Provided records Block Start

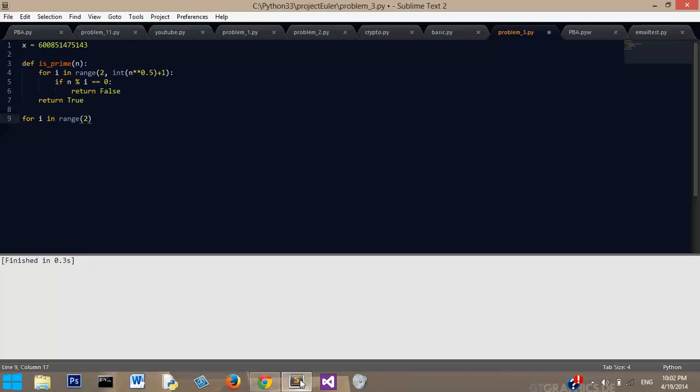So in the range 2 to x plus 1, because we want to include this number. I'm pretty sure there's not any prime factors up there, but we're going to include it anyway.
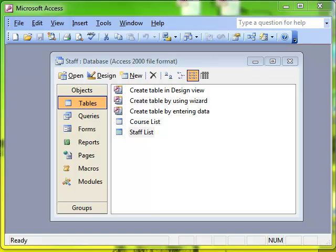In this lesson we are going to look at how to create and run an update query. An update query is a really useful feature that will allow you to update the values in a table based on any given criteria.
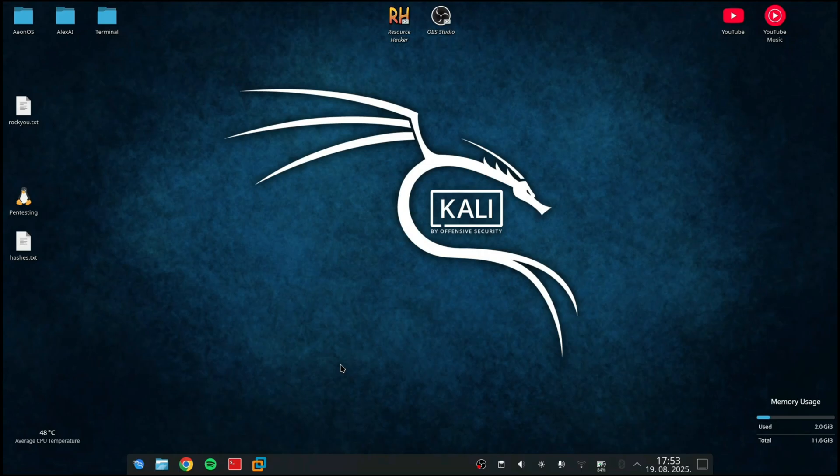The first thing you probably noticed is that I use Kali Linux. Yes, because Kali Linux is the OS that's made especially for ethical hackers or pen testers like me. So if you're using Windows, this probably won't work and you should switch to Kali.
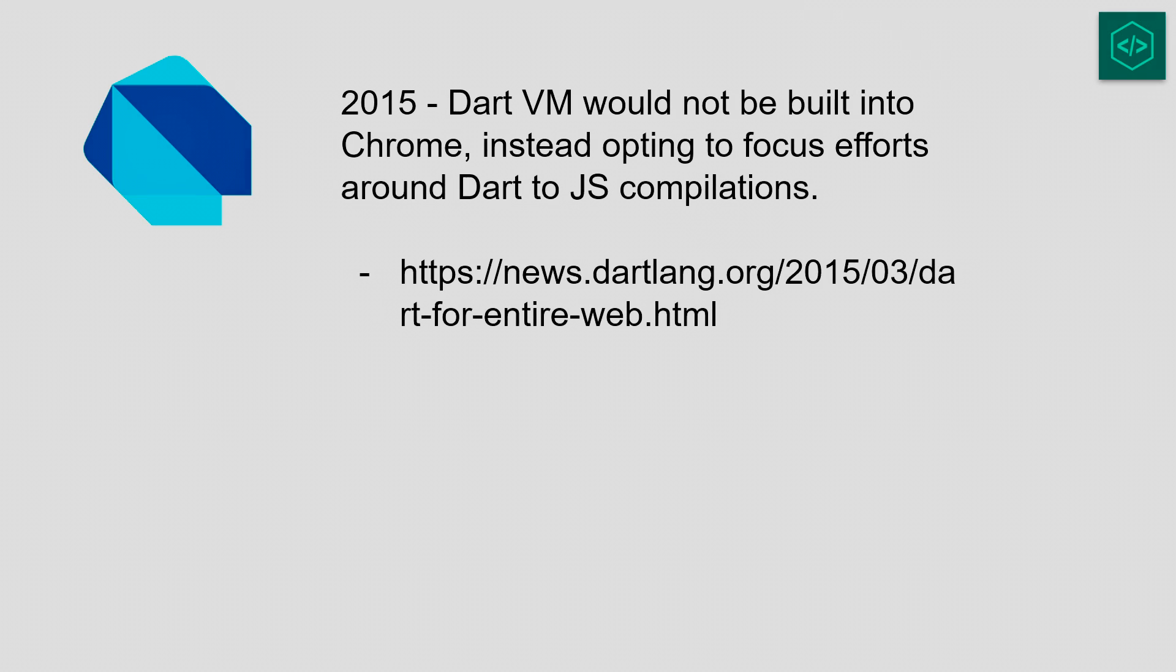In 2015, Google announced that the Dart VM would not be built into Chrome. This was an impactful day for me, because from Dart's inception, I had hoped that we'd have a first-class alternative to JavaScript for web clients.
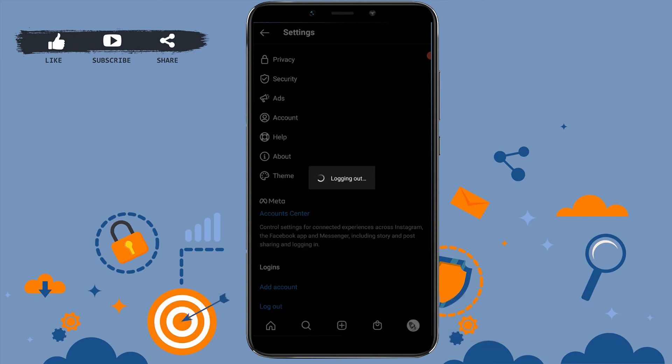So this is how you can easily log out from your Instagram account. Hope this video was useful. Please like and subscribe to Login Aid channel, and also don't forget to click on the bell icon for notifications and updates. Thank you.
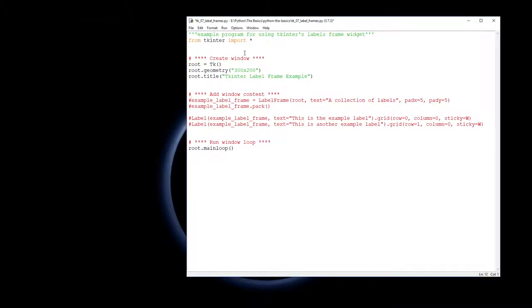We'll have our usual importing Tkinter and starting our window up, creating our window and having our main loop.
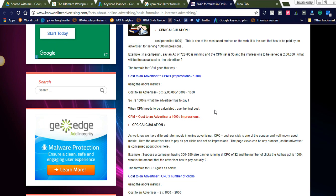Hi friends, welcome to Naya Videos. Today I will like to share how to use the CPM calculator. Before that, I will share the formula of the CPM calculator and how we will get the cost of an advertiser. Here you can see I am showing a small example. The formula is: cost of an advertiser is equal to CPM multiplied by impressions, divided by thousand.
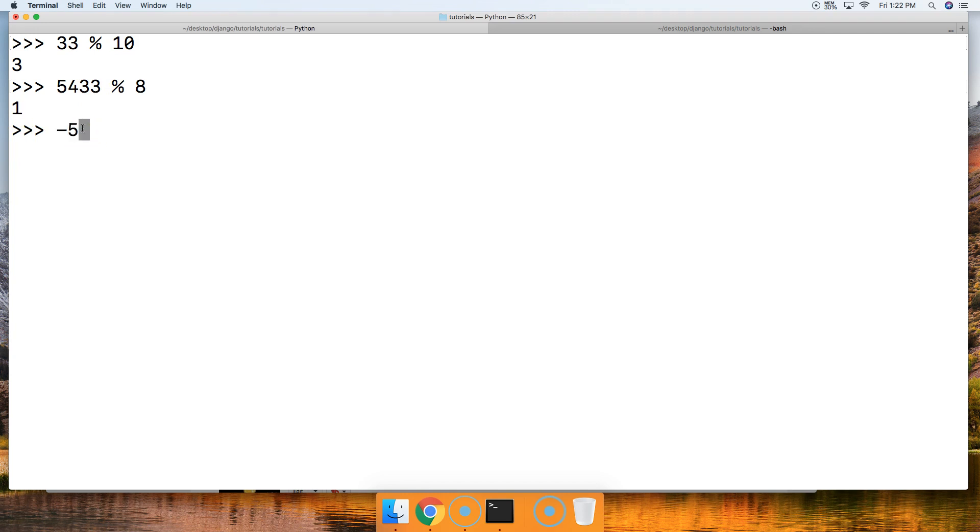How about negative 582, and then the remainder with 3, we get 2.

Provided records Block End

Description of the task:
Transcribe every line in the entries above, taking out only the images.

Response:
So in the range 2 to x plus 1, because we want to include this number. I'm pretty sure there's not any prime factors up there, but we're going to include it anyway.
In this lesson we are going to look at how to create and run an update query. An update query is a really useful feature that will allow you to update the values in a table based on any given criteria.
The first thing you probably noticed is that I use Kali Linux. Yes, because Kali Linux is the OS that's made especially for ethical hackers or pen testers like me. So if you're using Windows, this probably won't work and you should switch to Kali.
In 2015, Google announced that the Dart VM would not be built into Chrome. This was an impactful day for me, because from Dart's inception, I had hoped that we'd have a first-class alternative to JavaScript for web clients.
So this is how you can easily log out from your Instagram account. Hope this video was useful. Please like and subscribe to Login Aid channel, and also don't forget to click on the bell icon for notifications and updates. Thank you.
We'll have our usual importing Tkinter and starting our window up, creating our window and having our main loop.
Hi friends, welcome to Naya Videos. Today I will like to share how to use the CPM calculator. Before that, I will share the formula of the CPM calculator and how we will get the cost of an advertiser. Here you can see I am showing a small example. The formula is: cost of an advertiser is equal to CPM multiplied by impressions, divided by thousand.
How about negative 582, and then the remainder with 3, we get 2.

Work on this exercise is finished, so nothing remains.